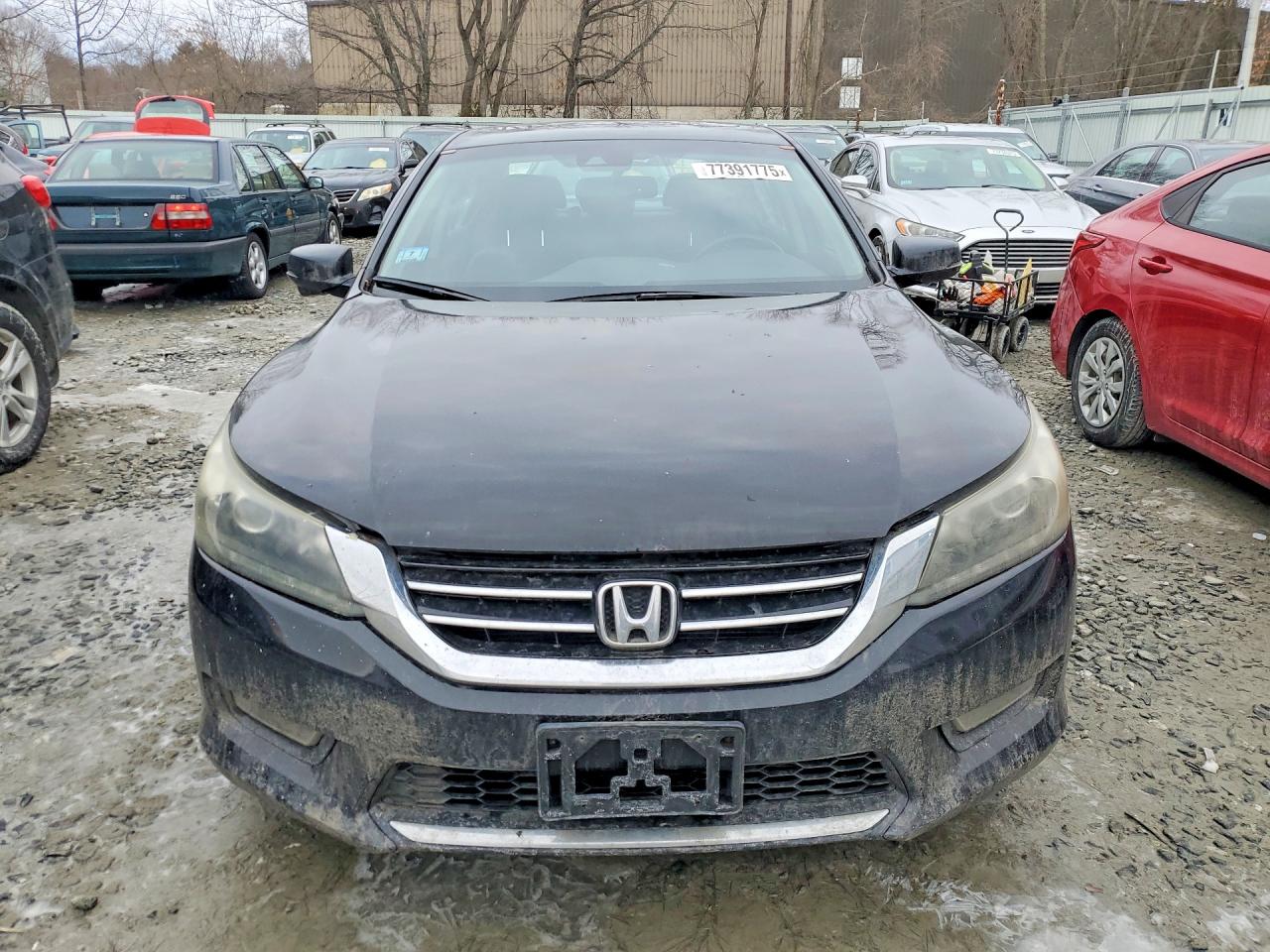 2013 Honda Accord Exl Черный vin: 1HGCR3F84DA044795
※
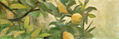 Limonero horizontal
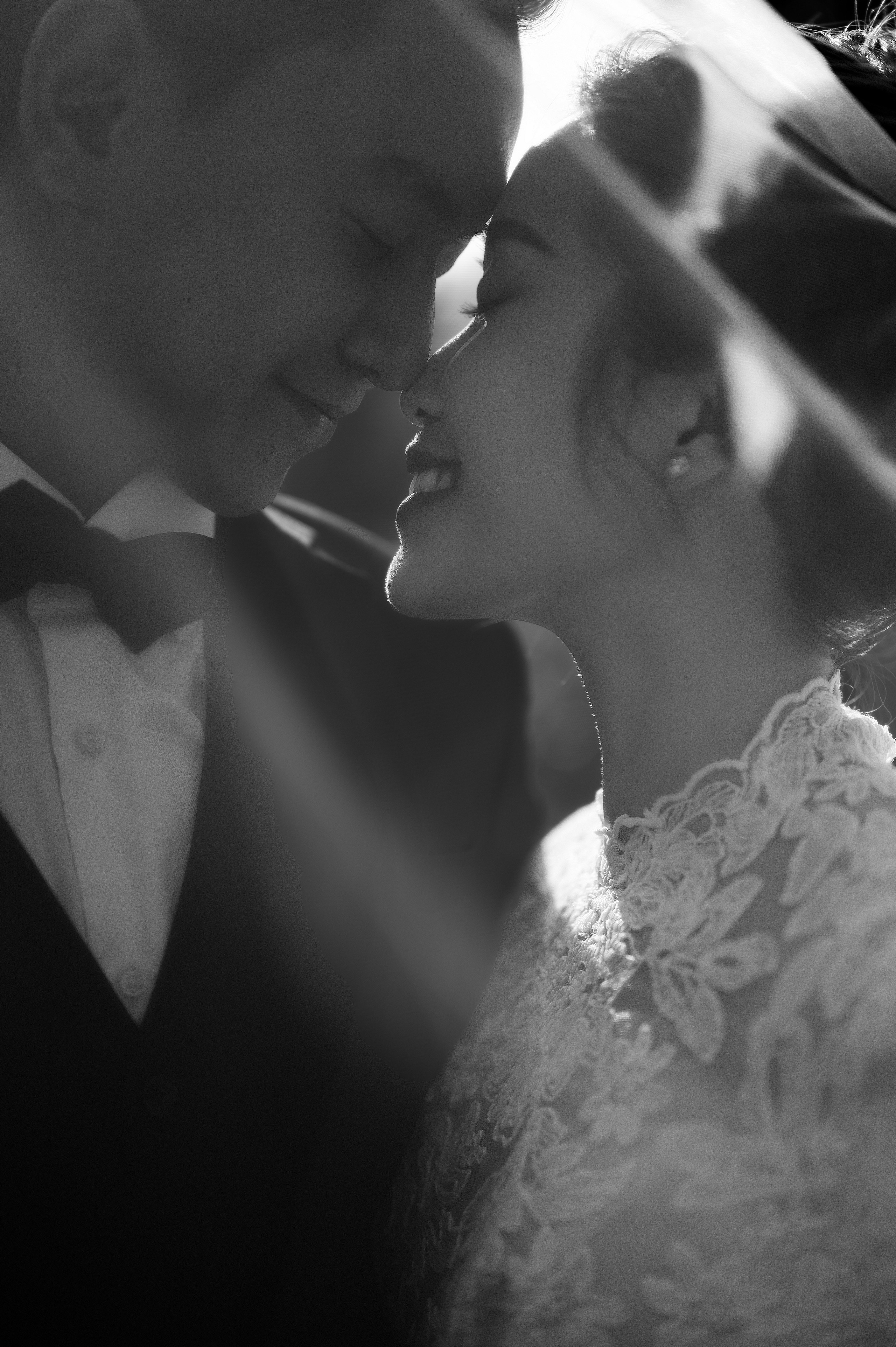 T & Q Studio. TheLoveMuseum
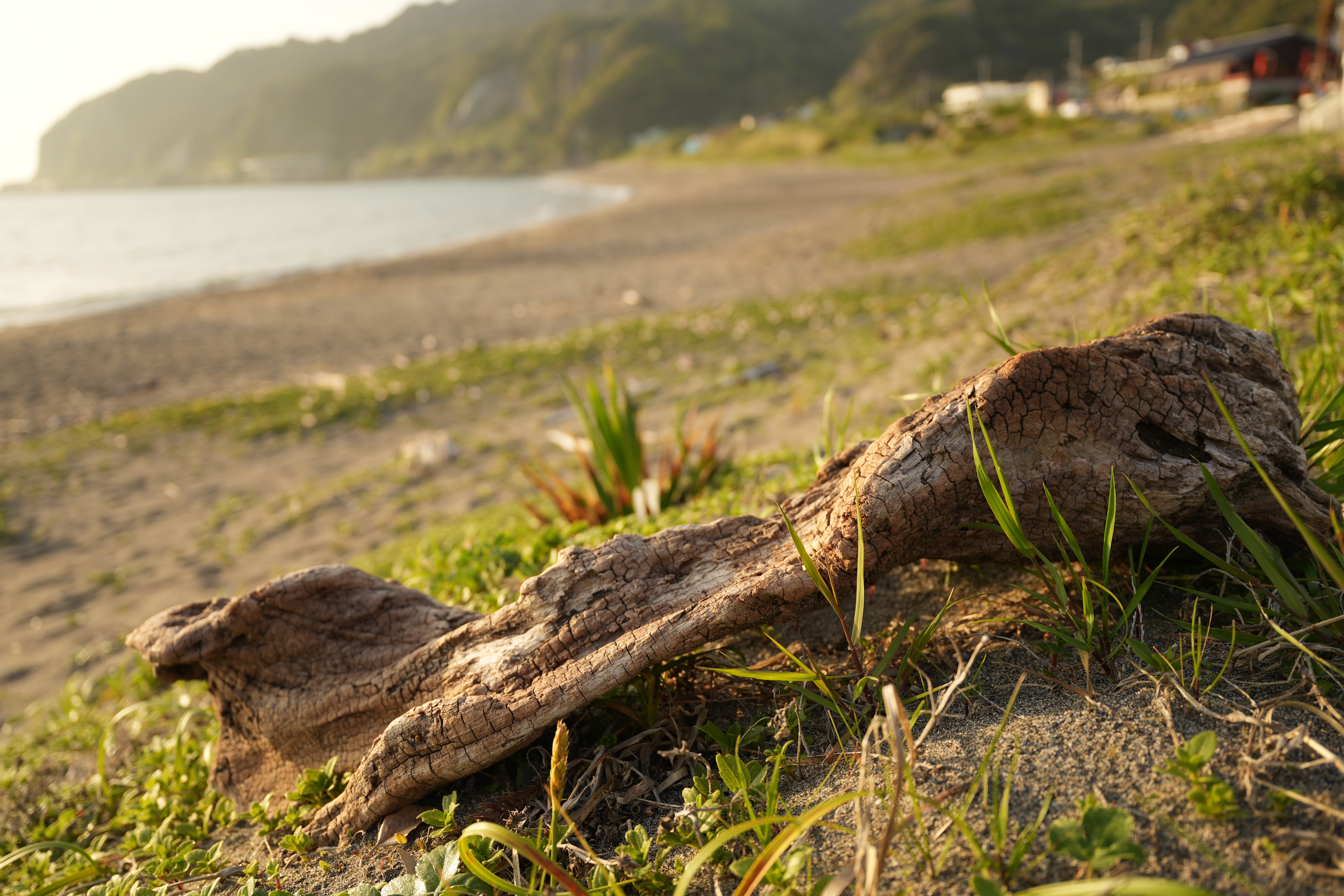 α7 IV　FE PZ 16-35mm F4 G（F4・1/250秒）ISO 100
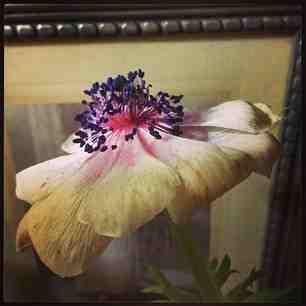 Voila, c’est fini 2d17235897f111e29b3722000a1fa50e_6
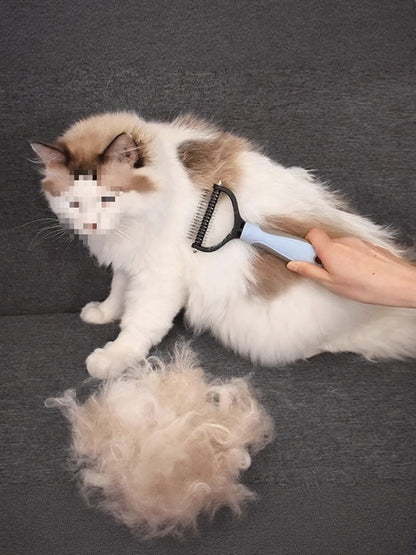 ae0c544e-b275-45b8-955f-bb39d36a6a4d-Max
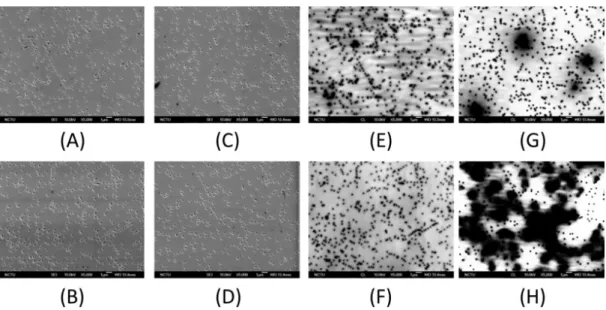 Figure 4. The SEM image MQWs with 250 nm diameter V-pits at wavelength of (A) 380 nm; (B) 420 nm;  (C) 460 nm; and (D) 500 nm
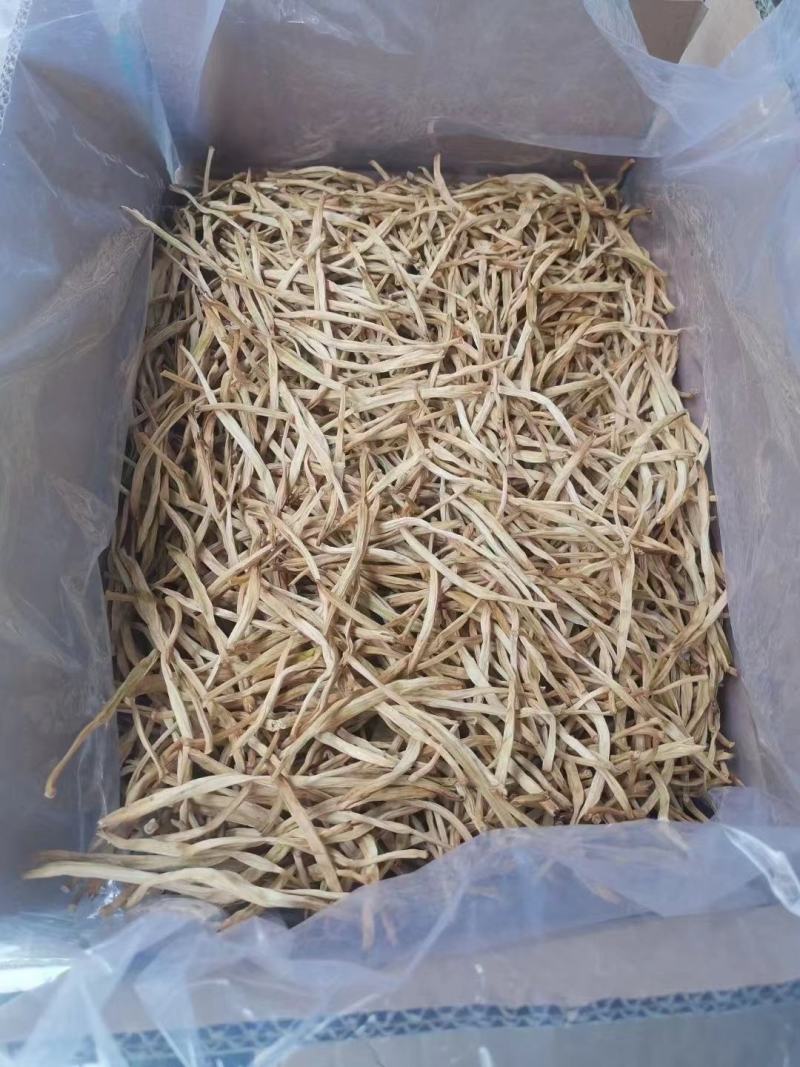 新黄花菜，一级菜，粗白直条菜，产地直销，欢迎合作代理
※
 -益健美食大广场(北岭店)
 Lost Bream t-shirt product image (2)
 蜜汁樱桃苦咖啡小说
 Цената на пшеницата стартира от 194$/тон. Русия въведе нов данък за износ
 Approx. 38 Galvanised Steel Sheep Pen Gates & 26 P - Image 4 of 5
※
WHAT NEEDS TO BE DONE: From the listing above, repeat only the lines between the line containing "α7 IV　FE PZ 16-35mm F4 G（F4・1/250秒）ISO 100" and the line containing "新黄花菜，一级菜，粗白直条菜，产地直销，欢迎合作代理", those two included. Pictures are not part of the copy.

EXERCISE SOLUTION:
 α7 IV　FE PZ 16-35mm F4 G（F4・1/250秒）ISO 100
 Voila, c’est fini 2d17235897f111e29b3722000a1fa50e_6
 ae0c544e-b275-45b8-955f-bb39d36a6a4d-Max
 Figure 4. The SEM image MQWs with 250 nm diameter V-pits at wavelength of (A) 380 nm; (B) 420 nm;  (C) 460 nm; and (D) 500 nm
 新黄花菜，一级菜，粗白直条菜，产地直销，欢迎合作代理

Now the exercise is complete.